What about God? Is he just a benign, laid back god who allows things to go on outside of his will?
If so, the world would collapse into debauchery and uttermost evil.
What about love? Is is just an emotion, a balance of chemicals in the head that make us feel attracted to a certain individual?
If so, there would be no basis for morality, marriage, even friendship.
What about family? Has its purpose in America become obsolete?
If so, we have no basis for morality.
Open your eyes. What drives us to be better people? What makes the seemingly harmless things we do bad? Morality. From where does this inner sense of right and wrong derive itself? Humans? If that were the case, my morality could tell me that genocide was good. Hitler would be justified in his actions. Morality, otherwise known as the Universal Moral Law, derives itself from an eternal God, one being, one entity. Otherwise there would be discord in the Universal Moral Law, as multiple entities with infinite power would clash in will.
Thus, our morality proves the existence of God.
You might say that morality indeed doesn't exist, that it is a fabricated notion composed by humans in order to make themselves better. But I challenge: with what would humans compare in order to think of something as good or better? In other words, without morality, humans would have no clear intellect at all I daresay.
But you say I have walked into a trap. Our ultimate goal as animals is to survive. And survival would indeed be better than nonsurvival. Thus, limiting your own survival or someone else's survival would be bad.
But I ask: Hitler's actions definitely limited the survival of millions of people, in the name of self-preservation and the futherance of the Arryan race. Thus, for his own survival, which was good.

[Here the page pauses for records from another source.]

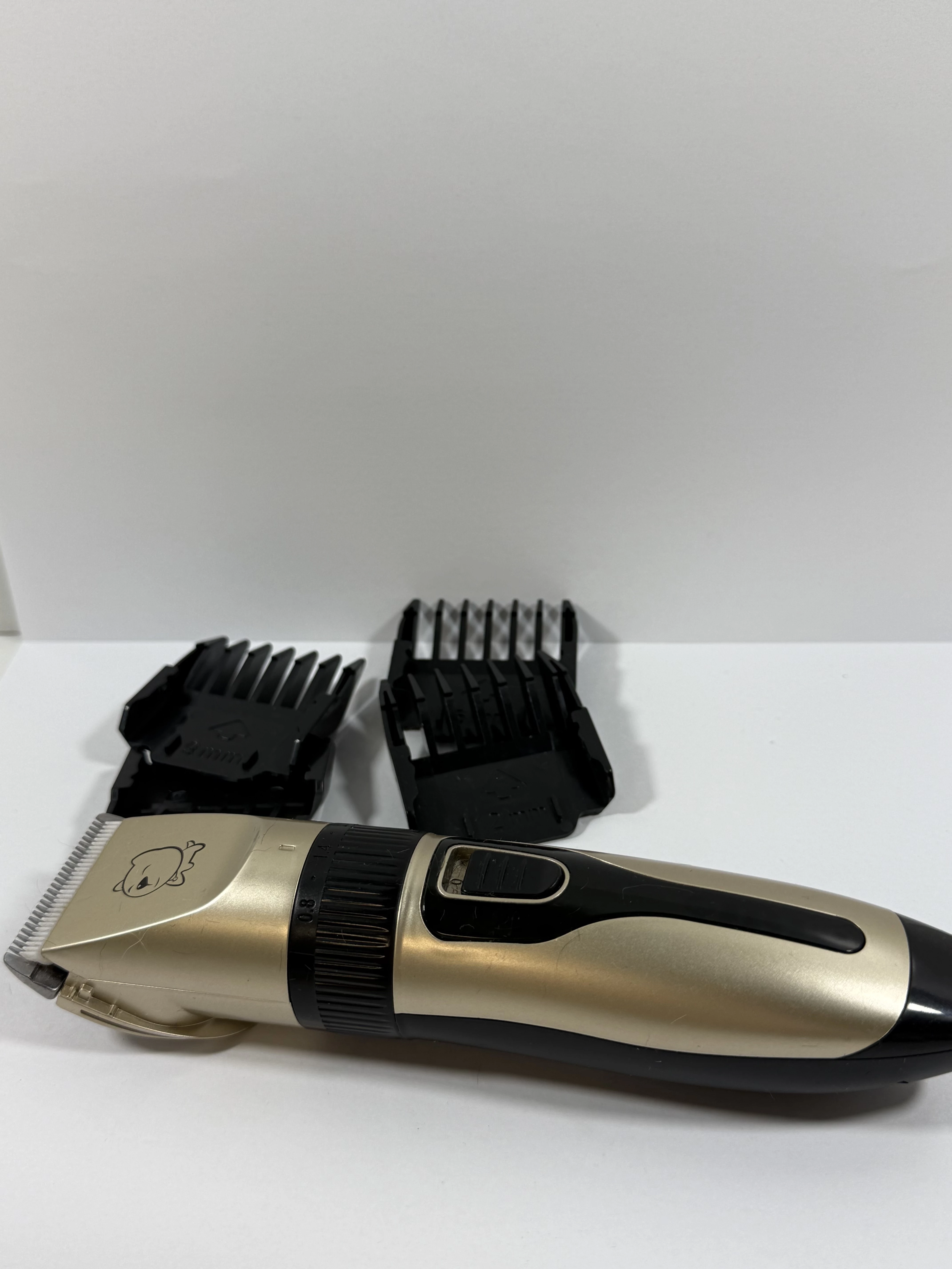 maszynka-dla-psa-pet-grooming-piatkowska-92-poznan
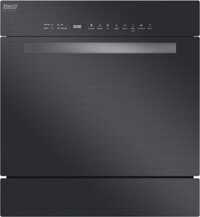 Máy rửa bát Lorca TA-916DWB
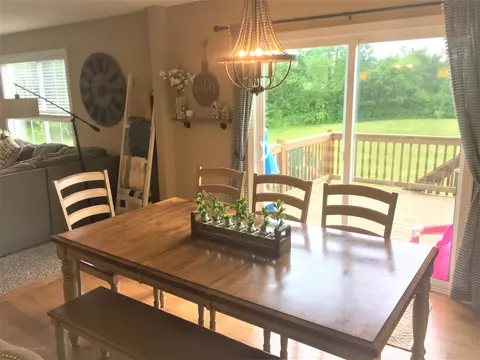 1531 Wellman Rd, Dewitt, MI 48820 photo 19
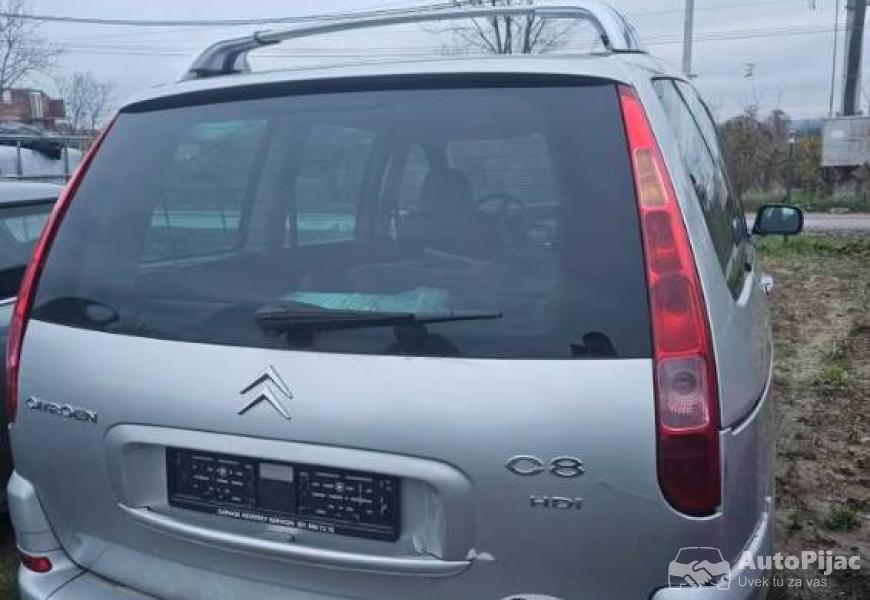 citroen_c8_2_polovni_automobili_autopijac.rs
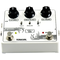 Педаль эффектов Yerasov Digital Delay DD-1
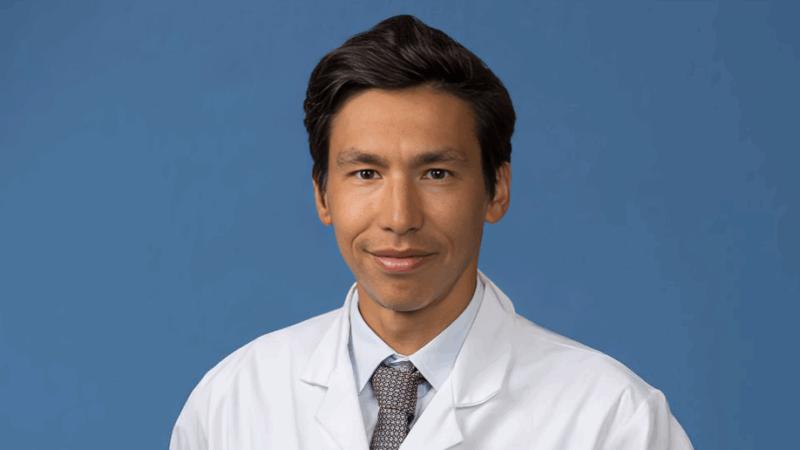 ASTRO: New Therapy Delays Progression of Recurrent Prostate Cancer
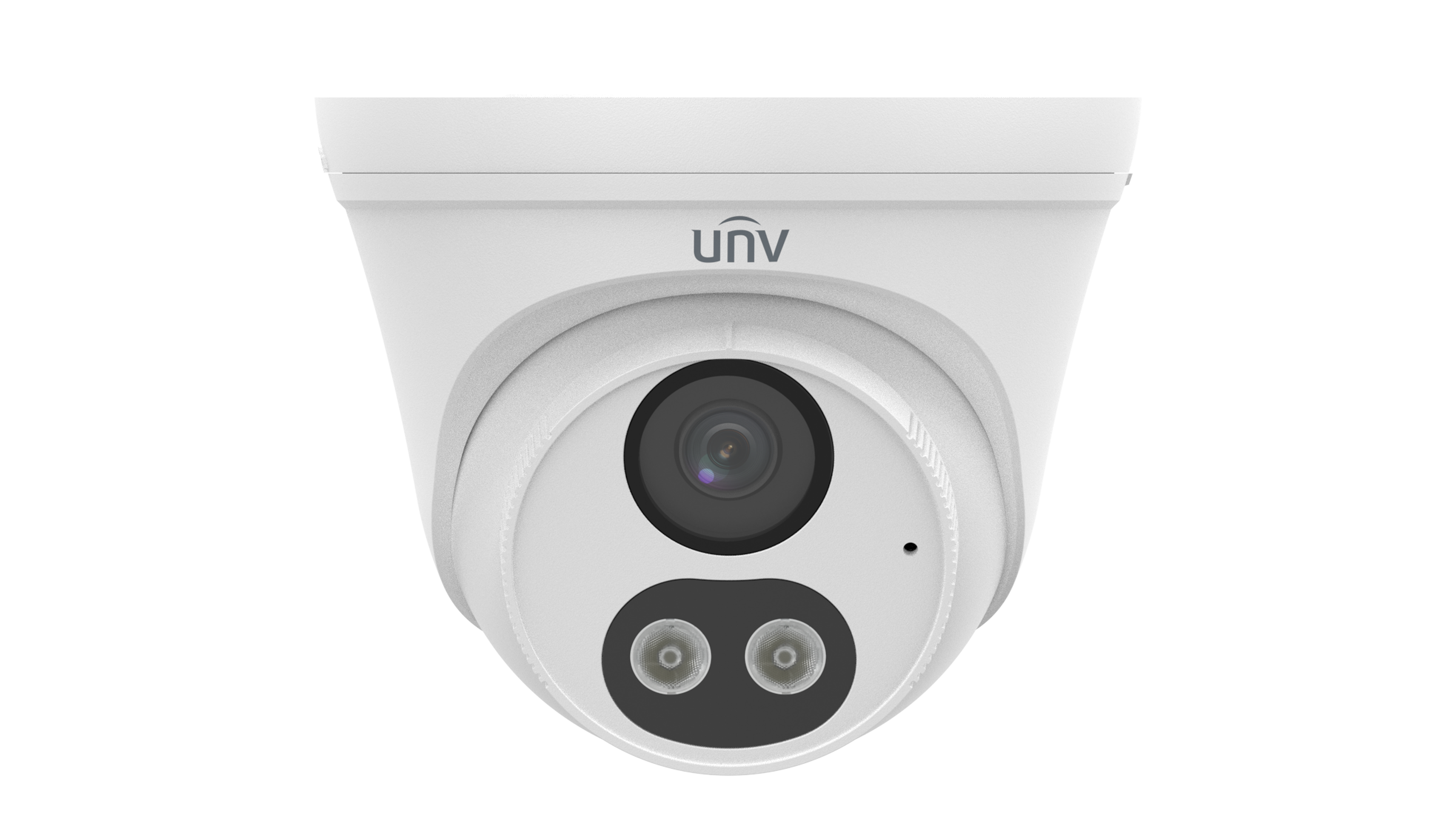UNV-1001100 3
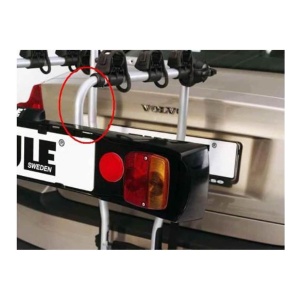 Adaptor Thule 9761 - Img 2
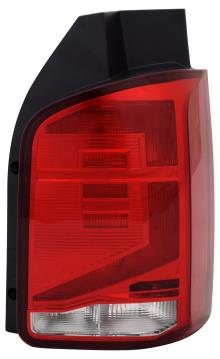 TYC  11-15318-06-2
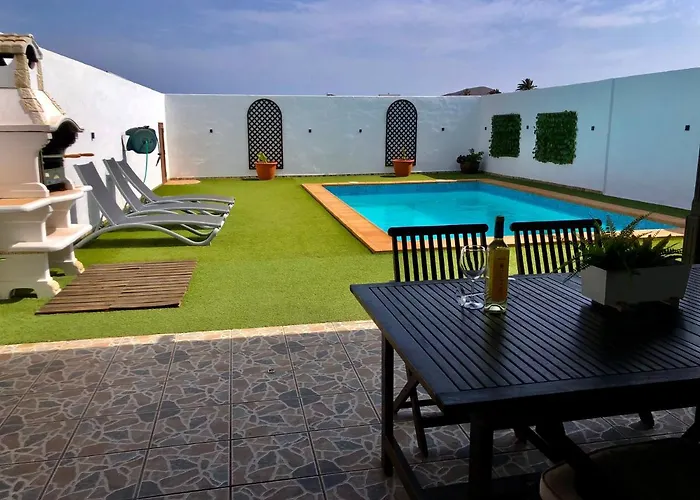 Miriam * ティナホ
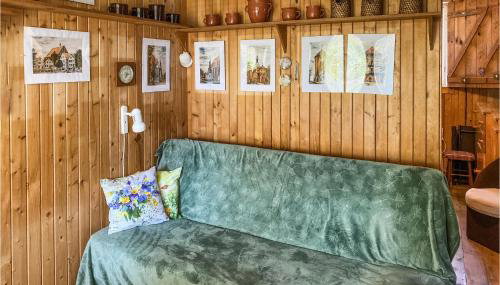 2 Bedroom Beautiful Home In Frombork - Foto 5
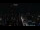 Webcam in Bangkok, 4.5 km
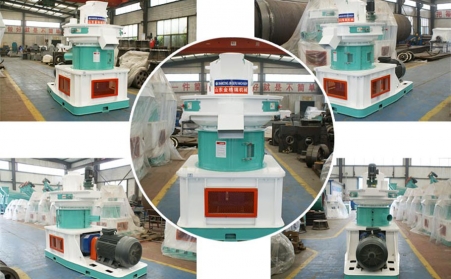 生物質木屑蜜桃AV在线网址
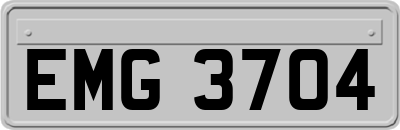 EMG3704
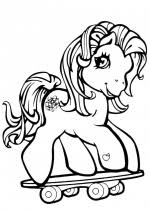 Check spelling or type a new query. Desene De Colorat My Little Pony Qbebe Planse Si Imagini De Colorat
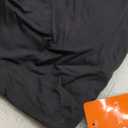 Sports Bras for Women Criss-Cross Back Padded Workout Tank Tops Medium Support Crop Tops for Women (Small, Black)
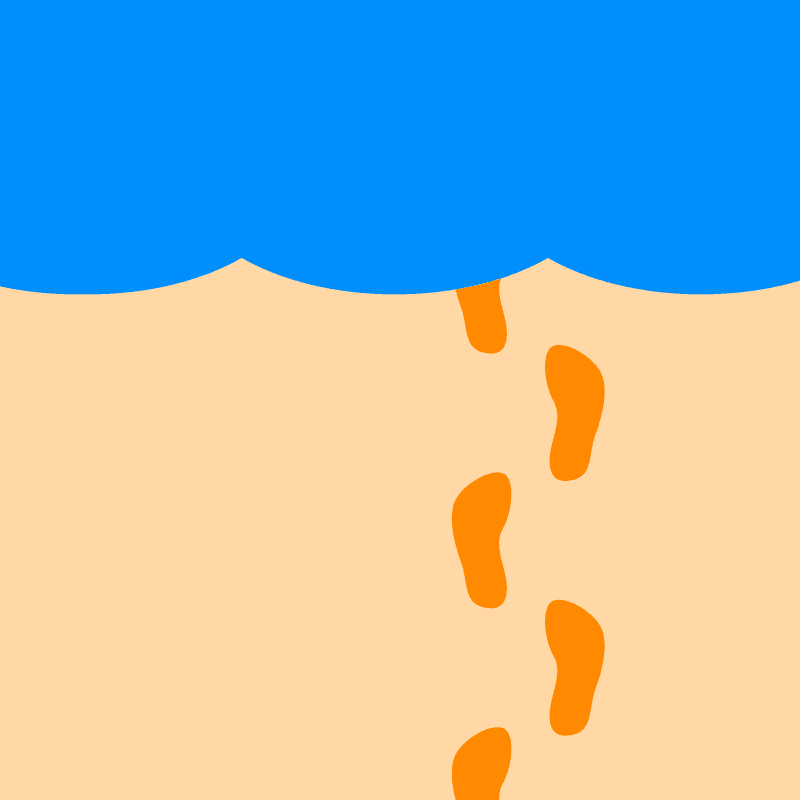 Tides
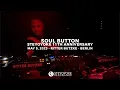 Download Lagu @soulbutton - Steyoyoke 11th Anniversary | May 5, 2023 | Ritter Butzke - Berlin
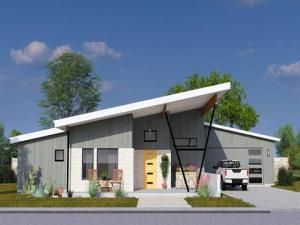 MLS #21097395 image #0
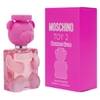 moschino-toy-2-bubble-gum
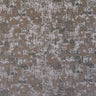 1 Yard Mystique Cotton Print Fabric 55 Inches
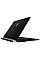 Ноутбук MSI Titan 18 HX AI A2XWIG-269UA 18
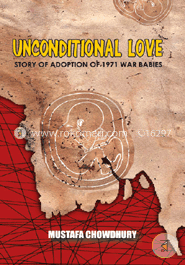 Unconditional Love image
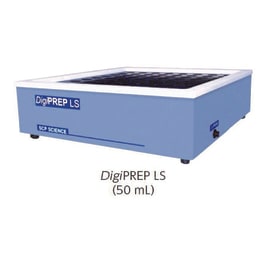 【販売終了】DigiPREPスターターキット 8520-50208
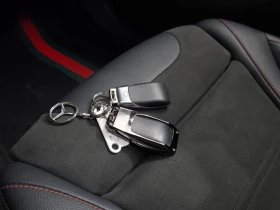 Mercedes-Benz GLC AMG GLC43 4MATIC Coupe| 385�.�. | Mobile.bg � ����� ������ 15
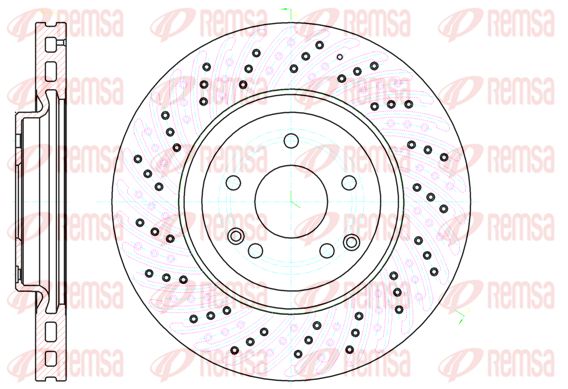 REM61138-10-MODEL.BMP
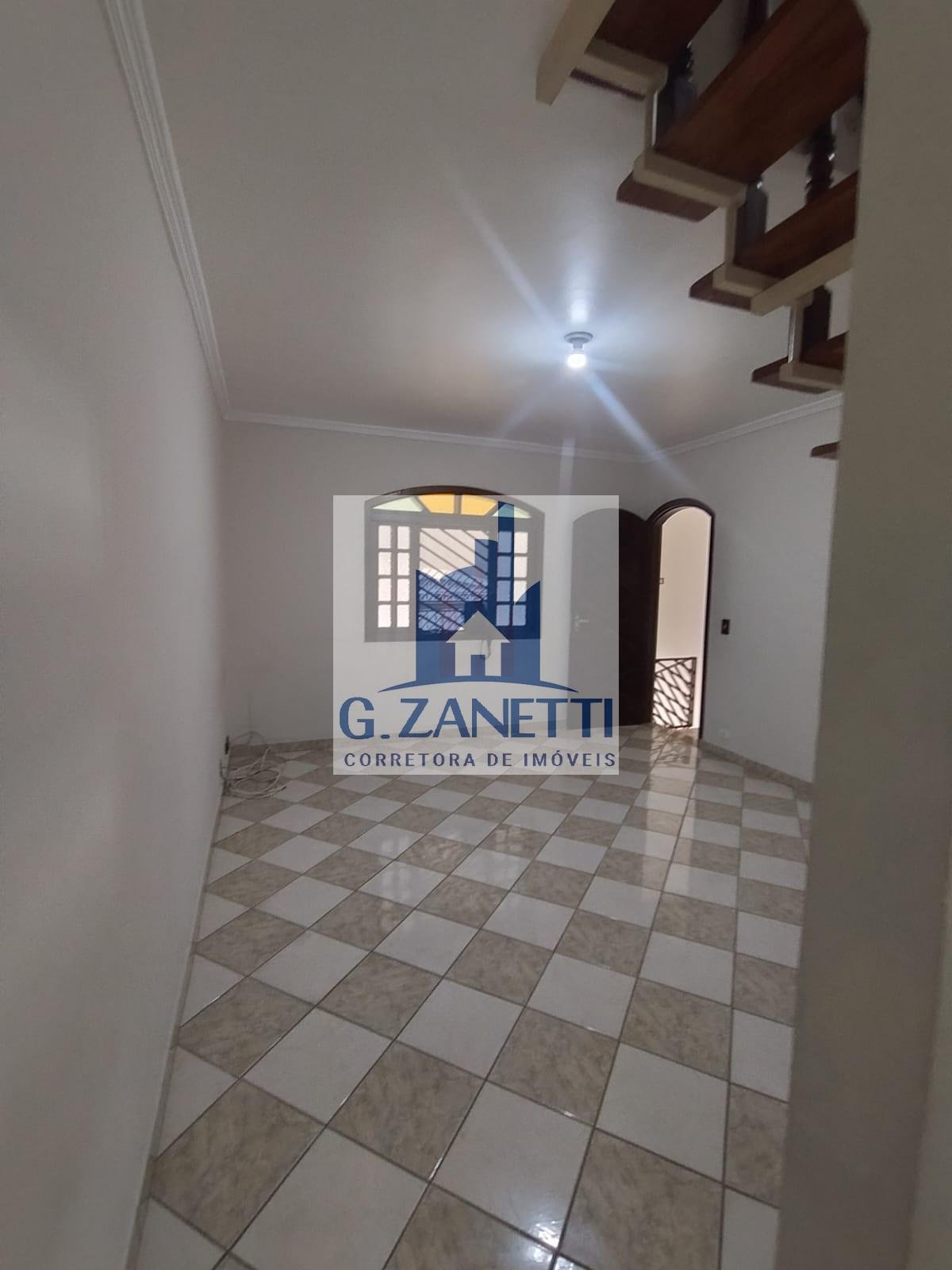 Casa, 3 quartos, 300 m² - Foto 15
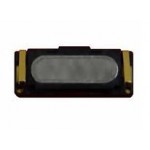Ear Speaker for Samsung Galaxy Core i8062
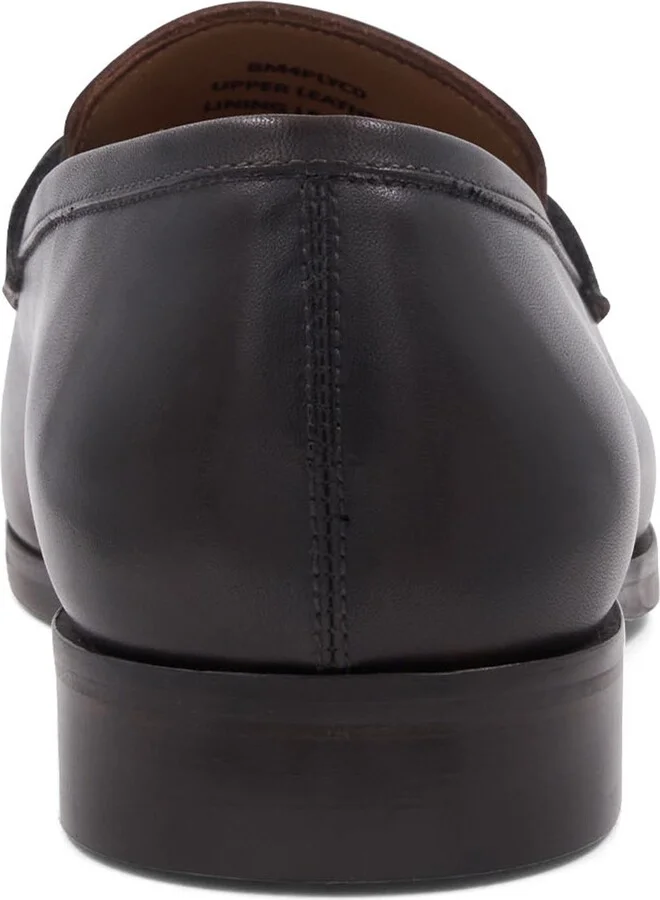 Presley Bit Loafer - Image 5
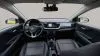 Kia Stonic KIA  1.0 T-GDi Eco-Dynamic Black Edition 100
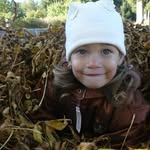Jan Hermann - @jan.hermann.581 - Instagram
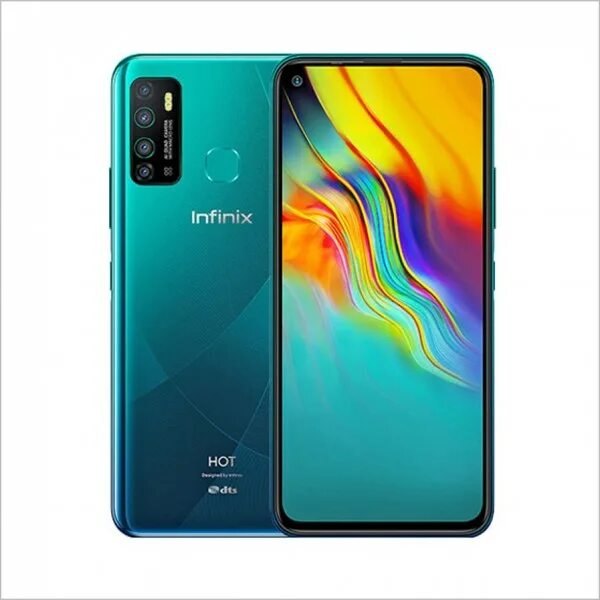 Infinix 30 lite. Телефон Infinix Note 10 Pro. Инфиникс нот 12. Инфиникс 30. Инфиникс нот 11.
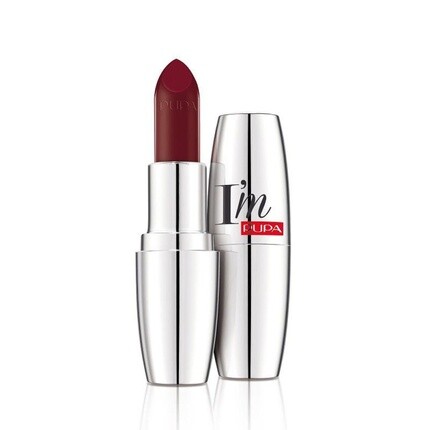 

Кремовая помада Pupa Absolute Shine 416 - 35 грамм Pupa Milano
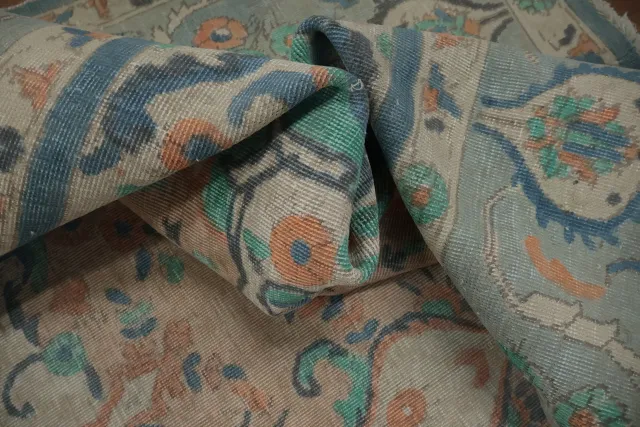 https://image-static-obj.rugsource.com/small/110829_3188516_0c8d8e5f.jpeg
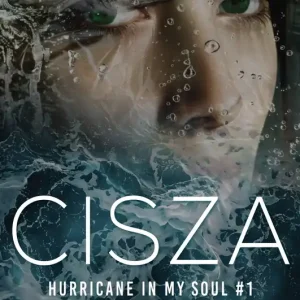 Cisza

If morality was based on survival, there would be no harmony in it.
And indeed we see a harmony in the Universal Moral Law looking at the different nations. The beliefs include honoring father and mother, helping the needy, fighting for your people (as opposed to being a traitor), and the list goes on and on.
But you point out that many people and nations do not live up to this standard, they in fact live in spite of it.
Listing the practices such as genocide, cannibalism, forcing religion on others as bad blatantly speaks that you believe in the Universal Moral Law.
But I am not the most eloquent in this area, and I recommend Mere Christianity by C. S. Lewis.
Tell me your thoughts. Tell me if I have spoken any untruths. Please do not hesitate.